Steve Holmes of Garrison, a descendant of a Massachusetts whale boat captain, has allowed the library to display some of his collection of paintings and historical artifacts. Holmes, who is an artist, psychologist and a retired Congregationalist minister, said he is also available to give educational presentations to area schoolchildren if teachers will contact him this month.
On display under glass at the library are some of the priceless whalebone artifacts that were handed down in his family. In the mid-1800s, whale bone was used to make everything from a child’s hairbrush and comb set that belonged to one of Holmes’ ancestors. There are pictures of his ancestors, the whale boat captain John Marble and his wife Elizabeth “Lizzy” Marble. There is a cribbage set made of whale bone, tatting shuttles and corset stays made out of whalebone. There is a cane made of a shark’s vertebrae. Pieces of scrimshaw, which is the practice of drawing on whale teeth or other ivory with different tools and then coloring the drawing in ink, are also on display.

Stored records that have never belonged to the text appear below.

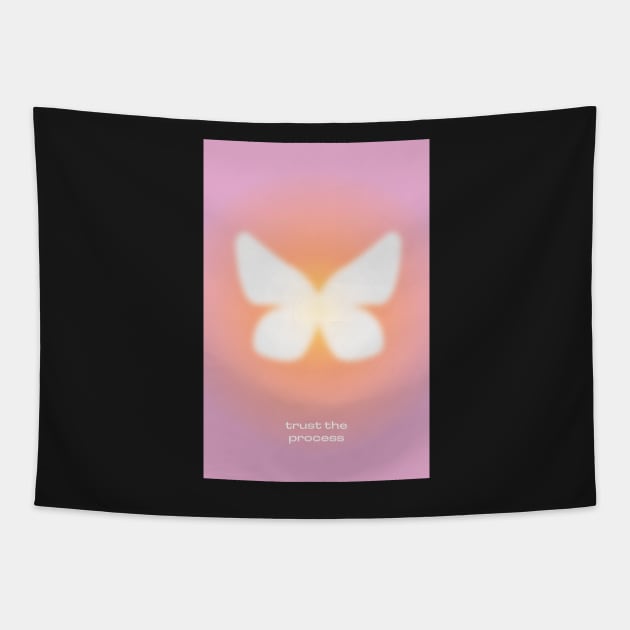 Trust the Process Butterfly Aura Tapestry by mystikwhale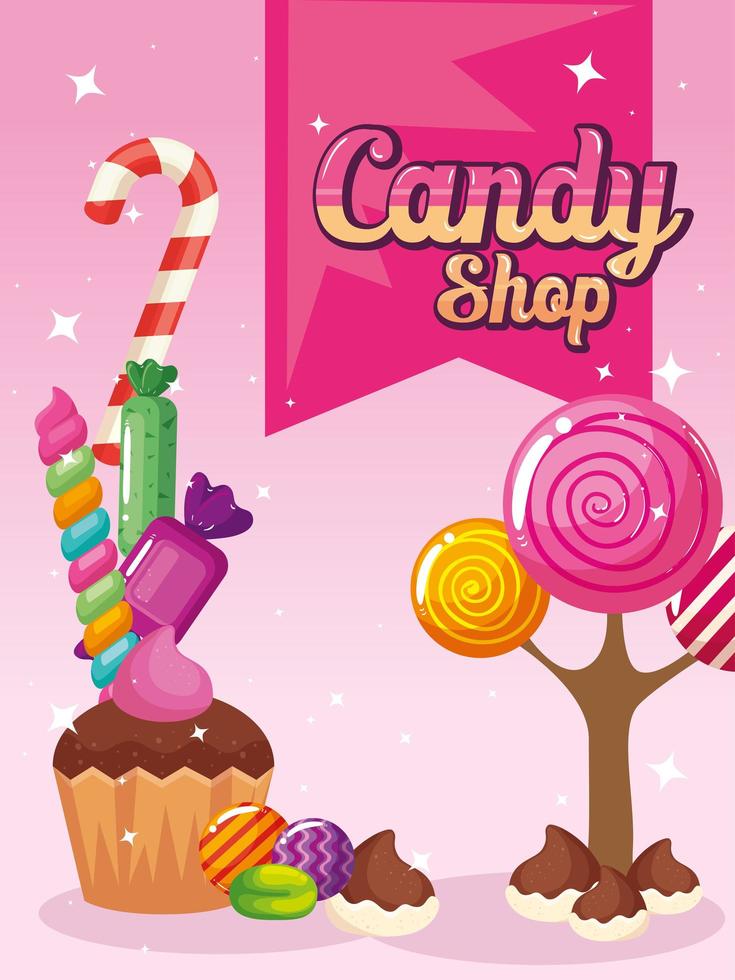 cartel de tienda de dulces con caramelos de paisaje vector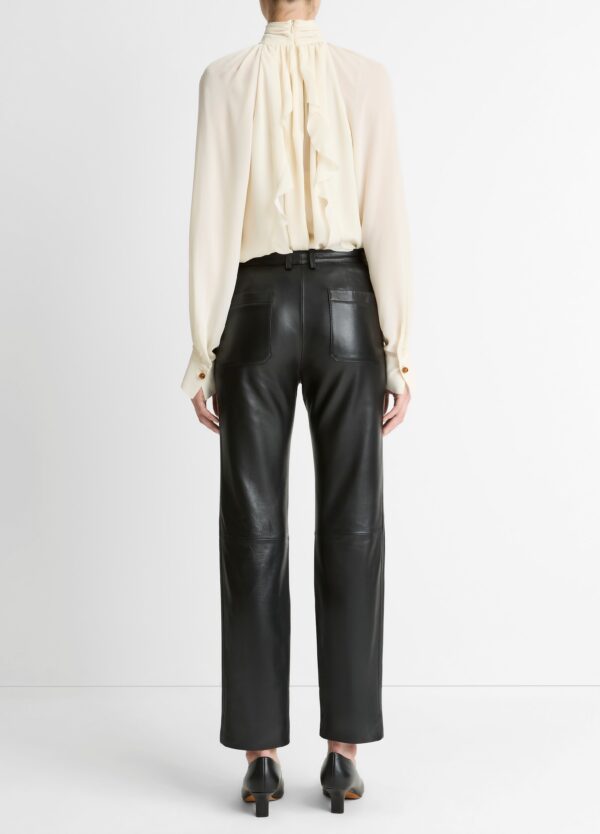 Leather Straight Leg Trouser  Black - Image 3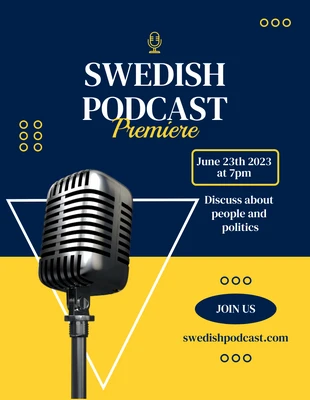 Free  Template: Swedish Podcast Premier Flyer Template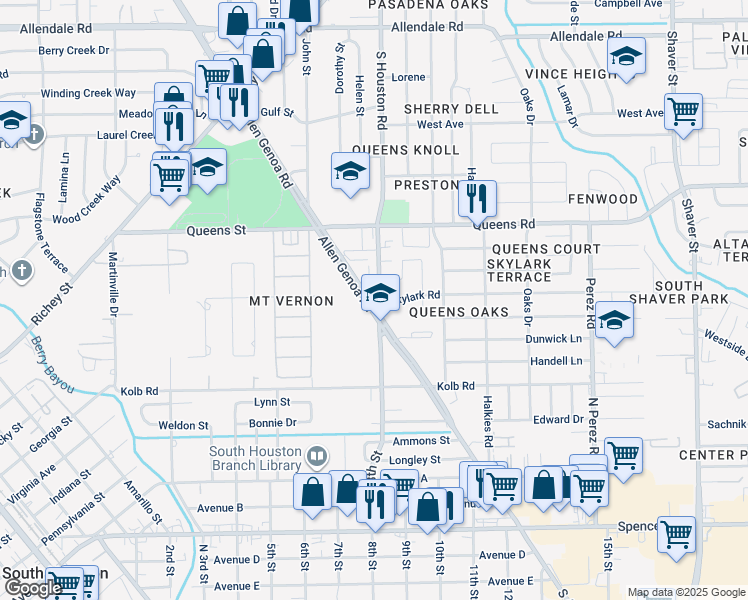 map of restaurants, bars, coffee shops, grocery stores, and more near 2555 Allen Genoa Road in Pasadena
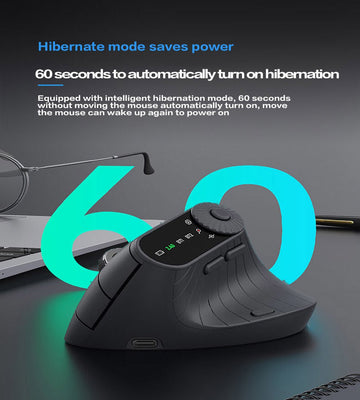 Ergonomic Vertical Mouse - 2.4G/Bluetooth Multi - Mode, LED Display, 57 - Degree Angle, & 400mAh Battery(Beige) - RnR Galore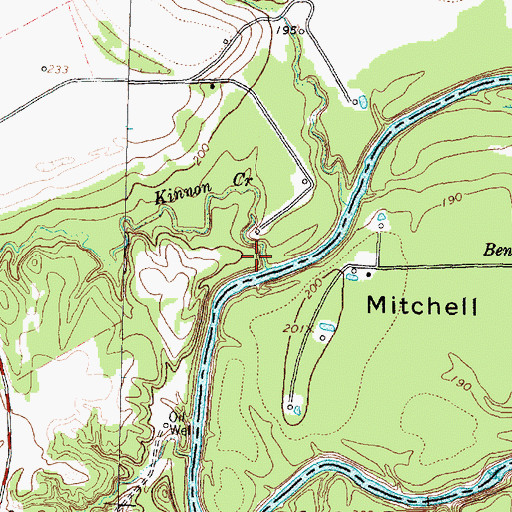 Topographic Map of Kinnon Creek, TX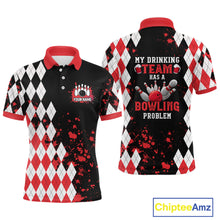 Load image into Gallery viewer, Red argyle pattern Retro Bowling Shirts For Men Custom My drinking team has a bowling problem NQS9825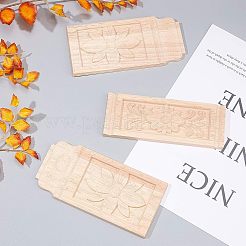 Natural Solid Wood Carved Onlay Applique Craft&nbsp;WOOD-FH0001-10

In another glass display case there is a collection of different whaling harpoons that were used to hunt and kill the great beasts in the 19th century.
“This is my mother’s collection and my grandmother’s collection,” said Holmes, who grew up on the coast of Maine.
Holmes also has antique lamps on display that show the history of lighting, including a courting candle that was used in the early 1700s. When a gentleman came to court a lady, her parents would set out the courting candle. After the courting candle burned down to a certain level, her beau was asked to go home.
When he was a boy, he went out and watched whales, though whaling no longer took place. Whaling in the United States reached its peak in the mid-1800s during the time period that Captain Marble commanded five whaling boats.
Also on display are paintings of whaling boats, whales and birds. A handful were painted by Holmes. He said he painted one whale boat scene using an outline that he found that had been done by his grandmother in the 1940s. He completed her work.
A print of one of Holmes’ most famous art works is also on display at the library. It is called “Coming Home” and is a painting of an eagle. Prints of it are on display in the office of Sen. John Hoeven and in all the North Dakota National Guard Service centers throughout the state. Holmes said that observers cannot tell whether an eagle is a male or female, since the sexes are identical in appearance.